Agencies/New Delhi

Delhi Chief Minister Arvind Kejriwal yesterday called on residents of the capital to co-operate with his ambitious plans to clean up the toxic air of the world’s most polluted city.
His plea came as the city’s government gave final details of a trial plan announced this month which will only allow car users to drive on alternate days for the first two weeks of January.
“Pollution is becoming a very serious problem... And it’s a problem that all of us need to solve together,” Kejriwal said at a press conference at his New Delhi residence.
“We have to make this a movement, a people’s movement. We cannot implement this with the fear of punishment,” he added.
Under the scheme any cars with odd-numbered licence plates will only be allowed to drive in the capital on odd-numbered dates and those with even-numbered plates on the others.
Traffic police and 10,000 volunteers will monitor cars at checkpoints across the city and violators will be fined Rs2,000 - extremely steep for the average resident.
The government will also add thousands more buses to bolster creaking public transport in the city, where more than 8.5mn vehicles jostle for space and 1,400 new cars are added daily.
It has ordered schools to close saying it needs to co-opt school buses to help people travel to work.
“My family and I are not exempted from anything,” the activist-turned-politician said, adding that he and his ministers would carpool.
The ban, which runs from 8am to 8pm, has several exemptions - it will not apply on Sundays, and exempts dozens including dignitaries, women driving alone or with young children, and motorcycles.
It has met a mixed response, with many looking forward to the novelty of congestion-free roads and clearer skies while others, especially in Delhi’s vast commuter belt, complain that getting to work will be impossible.
Sceptics have said Delhiites will deploy the famed Indian skill of “jugaad” - creating a cheap alternative solution - by forging number plates or buying second-hand cars.
But Deputy Chief Minister Manish Sisodia urged Delhi residents to swallow the scheme as “a bitter pill right now rather than die from breathing this poison”.
Environmental activists said the moves were cosmetic.
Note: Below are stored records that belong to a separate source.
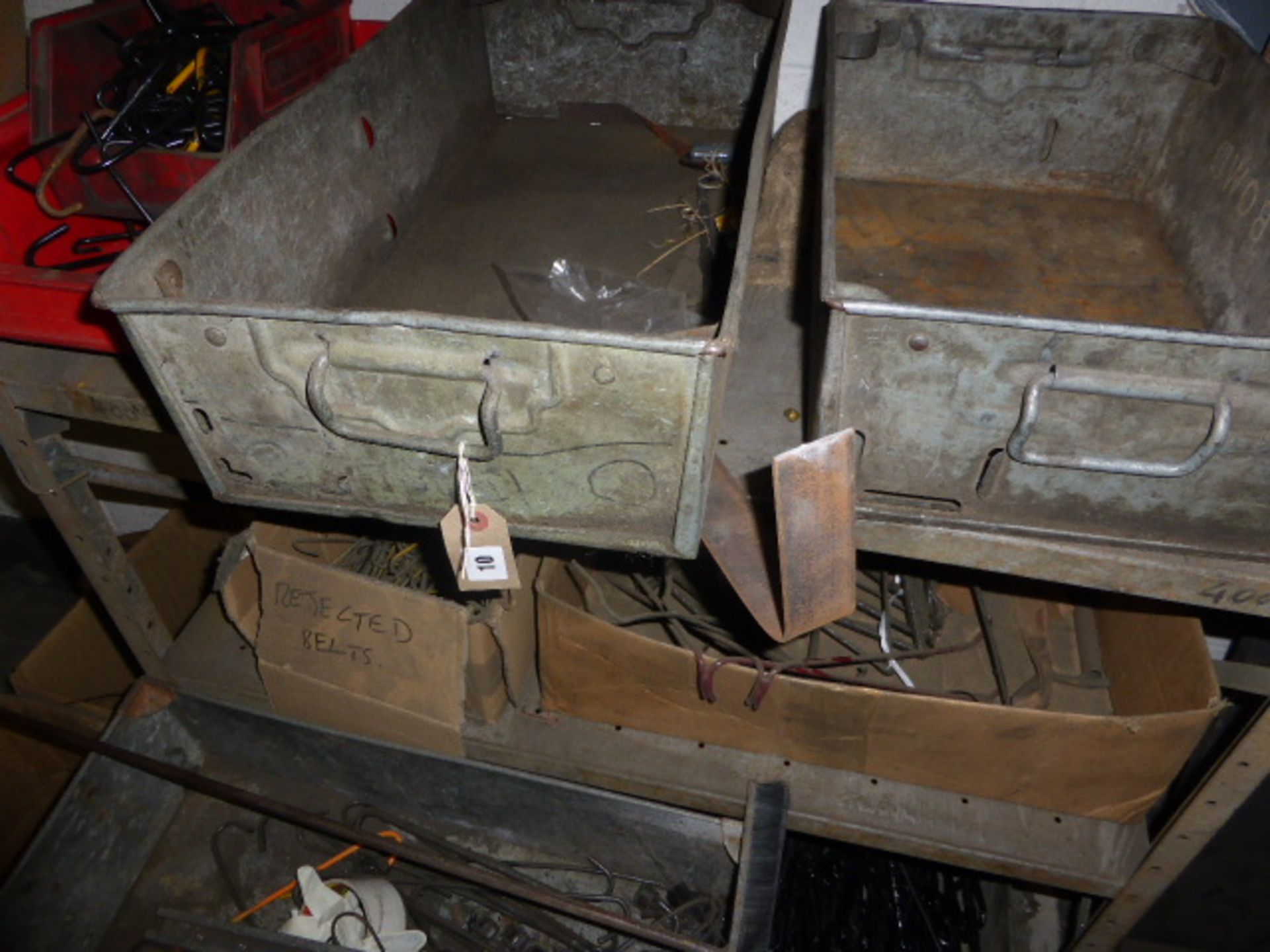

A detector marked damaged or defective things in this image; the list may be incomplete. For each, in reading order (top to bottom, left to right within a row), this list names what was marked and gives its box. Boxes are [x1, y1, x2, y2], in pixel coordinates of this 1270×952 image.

rusty metal bin [96, 0, 772, 558]
torn cardboard edge [706, 434, 853, 650]
rusty metal bin [818, 0, 1270, 614]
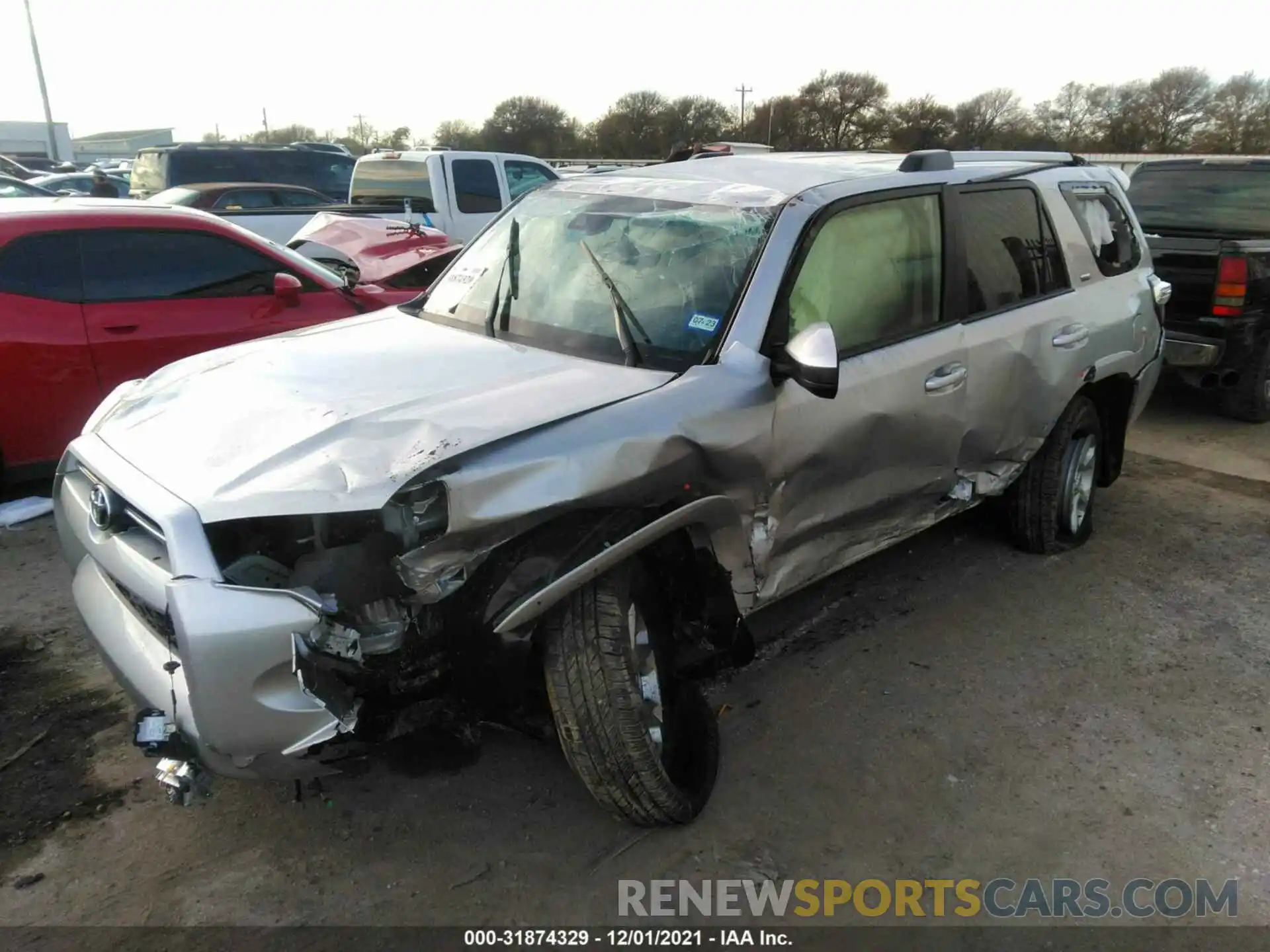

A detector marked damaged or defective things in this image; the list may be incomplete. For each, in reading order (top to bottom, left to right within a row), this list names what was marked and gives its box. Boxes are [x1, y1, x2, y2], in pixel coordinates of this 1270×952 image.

damaged hood [287, 209, 455, 283]
cracked windshield wiper [482, 218, 516, 337]
shattered windshield [418, 185, 773, 368]
cracked windshield wiper [577, 238, 651, 368]
damaged hood [95, 311, 675, 521]
broken headlight [378, 484, 450, 550]
crumpled front bumper [56, 436, 341, 777]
“It’s a piecemeal approach,” said B Sengupta, a pollution campaigner and former government scientist, when he was told of the plan. “It will not drastically improve the air.”
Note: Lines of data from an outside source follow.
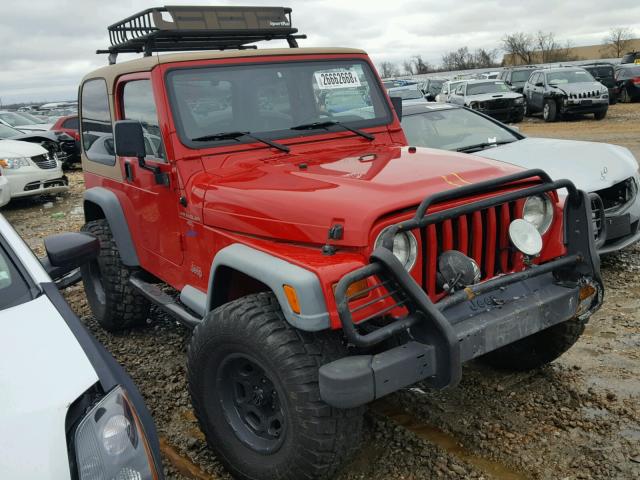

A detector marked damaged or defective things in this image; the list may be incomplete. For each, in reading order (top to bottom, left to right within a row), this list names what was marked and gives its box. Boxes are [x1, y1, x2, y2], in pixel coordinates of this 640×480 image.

damaged white car [400, 102, 640, 255]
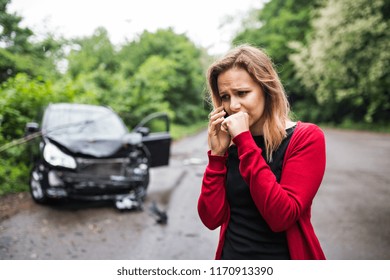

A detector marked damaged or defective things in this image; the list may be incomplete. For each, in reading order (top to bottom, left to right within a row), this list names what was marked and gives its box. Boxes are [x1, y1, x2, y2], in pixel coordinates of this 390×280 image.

crumpled car hood [47, 135, 123, 158]
damaged black car [24, 103, 171, 210]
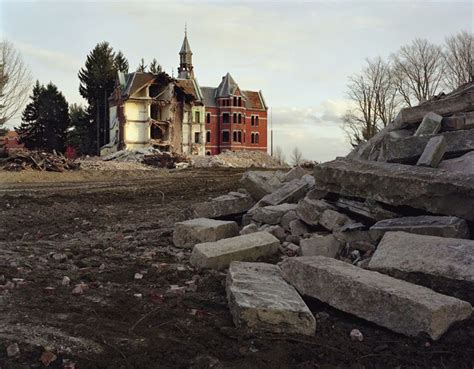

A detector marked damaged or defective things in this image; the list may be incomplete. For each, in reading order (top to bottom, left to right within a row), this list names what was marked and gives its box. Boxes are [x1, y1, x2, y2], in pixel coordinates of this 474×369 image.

broken concrete slab [412, 112, 442, 137]
broken concrete slab [173, 217, 241, 246]
broken concrete slab [191, 190, 256, 218]
broken concrete slab [190, 231, 280, 268]
broken concrete slab [241, 170, 282, 200]
broken concrete slab [252, 201, 296, 224]
broken concrete slab [260, 178, 308, 207]
broken concrete slab [282, 166, 308, 182]
broken concrete slab [294, 197, 336, 226]
broken concrete slab [300, 234, 340, 258]
broken concrete slab [318, 210, 352, 230]
broken concrete slab [334, 198, 400, 221]
broken concrete slab [312, 159, 474, 221]
broken concrete slab [368, 214, 468, 240]
broken concrete slab [382, 129, 474, 164]
broken concrete slab [416, 134, 446, 167]
broken concrete slab [438, 152, 474, 176]
broken concrete slab [370, 231, 474, 304]
broken concrete slab [225, 260, 314, 334]
broken concrete slab [280, 256, 472, 340]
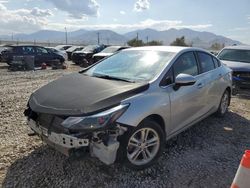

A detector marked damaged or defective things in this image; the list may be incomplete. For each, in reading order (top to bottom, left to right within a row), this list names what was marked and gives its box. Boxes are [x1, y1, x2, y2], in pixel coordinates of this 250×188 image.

front end damage [24, 105, 128, 165]
crumpled hood [29, 73, 148, 116]
broken headlight [61, 104, 129, 131]
damaged silver sedan [24, 46, 231, 170]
Experts said the city needed a permanent ban on diesel cars, which are seen as polluting, and other measures to reduce spiralling vehicle emissions. Campaigners are calling for steps like a parking cess and an annual tax on all cars.
“Vehicular emission is a major contributor of overall toxic pollution and is a concern due to its direct exposure to the population,” said Anumita Roychowdhury, executive director of the Centre for Science and Environment think-tank.
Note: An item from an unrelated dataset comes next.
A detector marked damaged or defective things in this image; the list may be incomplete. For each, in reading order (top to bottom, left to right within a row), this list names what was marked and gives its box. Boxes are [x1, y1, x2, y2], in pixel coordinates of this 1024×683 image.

Government officials say there wasn’t yet enough evidence to be sure about how much vehicular emissions contribute to pollution.
New Delhi has however pledged to bring forward tighter emission norms for vehicles and the transport ministry has said it would ban commercial vehicles that are over 15 years old from the country’s streets next year.
“If we just tackle vehicular pollution, you are not going to get the results you need,” one official said.
The Indian capital is ranked as the most polluted globally in a World Health Organisation survey of more than 1,600 cities.
The city has been shrouded in a toxic blanket of smog in recent weeks as winter sets in, cutting visibility and pushing PM 2.5 levels more than 10 times over the WHO’s recommended safe limit.
These fine particles less than 2.5 micrometres in diameter are linked to higher rates of chronic bronchitis, lung cancer and heart disease as they settle into the lungs and can pass into the bloodstream.
Courts have stepped in to tackle the mounting crisis, ordering several steps including a moratorium on large diesel cars in Delhi.